Dilpreet Bajwa

Personal information
- Full name: Dilpreet Singh Bajwa
- Born: 26 January 2003 (age 23) Gurudaspur, Punjab, India
- Batting: Right-handed
- Bowling: Right arm Offbreak
- Role: All-rounder

International information
- National side: Canada (2023–present);
- ODI debut (cap 101): 10 February 2024 v Nepal
- Last ODI: 26 September 2024 v Oman
- T20I debut (cap 66): 30 September 2023 v Bermuda
- Last T20I: 19 February 2026 v Afghanistan

Domestic team information
- 2023: Montreal Tigers

Career statistics
| Competition | ODI | T20I |
| Matches | 6 | 21 |
| Runs scored | 74 | 457 |
| Batting average | 14.80 | 25.38 |
| 100s/50s | 0/0 | 0/4 |
| Top score | 25 | 56 |
| Balls bowled | 24 | 78 |
| Wickets | 1 | 2 |
| Bowling average | 26.00 | 60.00 |
| 5 wickets in innings | 0 | 0 |
| 10 wickets in match | 0 | 0 |
| Best bowling | 1/14 | 1/21 |
| Catches/stumpings | 0/– | 5/– |
- Source: Cricinfo, 31 October 2024

= Dilpreet Bajwa =

Canadian international cricketer (born 2003)

Dilpreet Singh Bajwa (born 26 January 2003) is an Indian cricketer who has played for the Canada national cricket team as an all-rounder.

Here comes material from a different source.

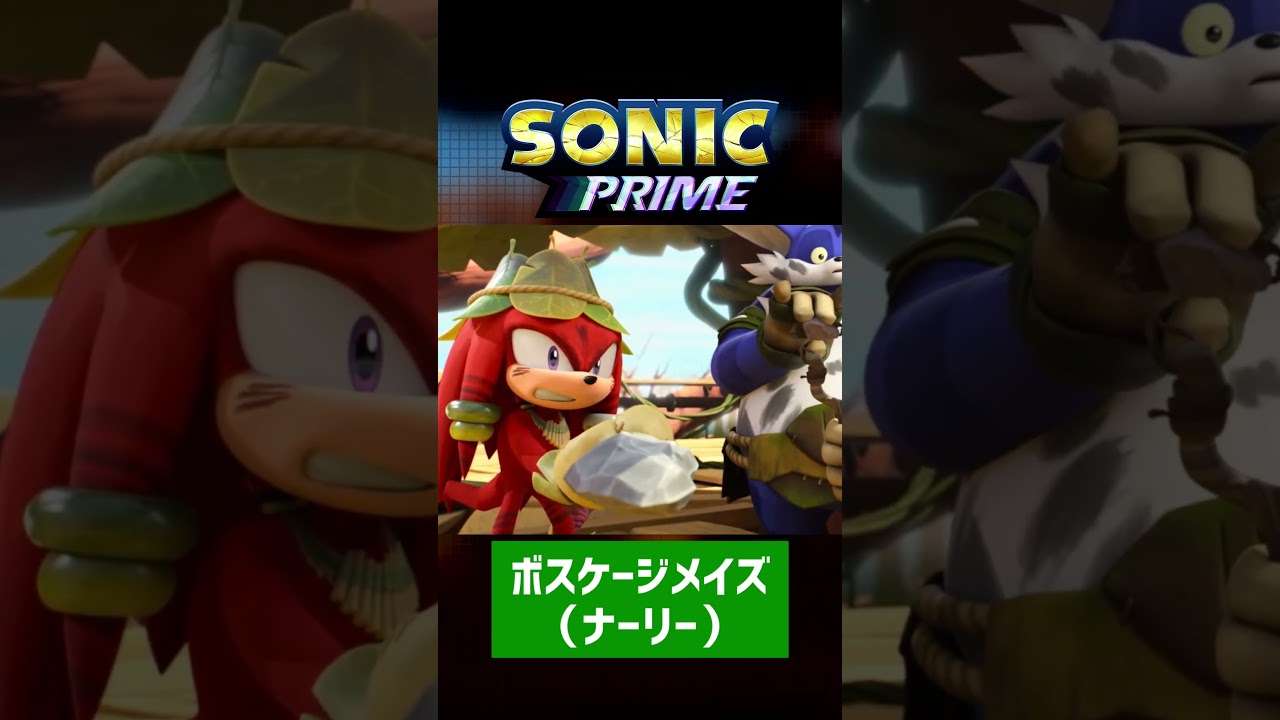 【SonicPrime】各世界ごとのキャラクターまとめ【ナックルズ編】#shorts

He captained Canada at the 2026 Men's T20 World Cup.

==Early life==
He was born at Gurdaspur, Punjab in India. He completed his education at Guru Arjun Dev Senior Secondary School in Dhariwal. His father, Harpreet Singh, was employed in the Agriculture Department, while his mother, Harleen Kaur, served as a government teacher.

In 2020, he emigrated to Canada after failing to secure a place in his state team. In 2023 he played Global T20 Canada for Montreal Tigers.

==International career==
In September 2023, he earned his maiden call-up to the national team for the 2023 ICC Men's T20 World Cup Americas Qualifier. He made his Twenty20 International (T20I) debut on 30 September 2023, for Canada against Bermuda. In February 2024, he was named in ODI squad for the series against Nepal. He made his One Day International (ODI) debut on 10 February 2024, against Nepal.

In May 2024, he was named in Canada's squad for the 2024 Men's T20 World Cup tournament. He was chosen to captain the team at the 2026 tournament.

==Match-fixing and corruption allegations==
In April 2026, CBC investigative news program The Fifth Estate published a report alleging Cricket Canada had been infiltrated by the Bishnoi Gang, an Indian organised crime organisation, which had facilitated Bajwa's rise to the national captaincy. The International Cricket Council's Anti-Corruption Unit (ACU) had two active investigations concerning alleged breaches of the ICC's anti-corruption code, with one incident under scrutiny relating to Canada's match against the New Zealand national cricket team during the 2026 Men's T20 World Cup. Attention was drawn to an over bowled by Bajwa in which 15 runs were conceded, including a no-ball and a wide delivery. Following publication of the report, the ICC froze funding to Cricket Canada.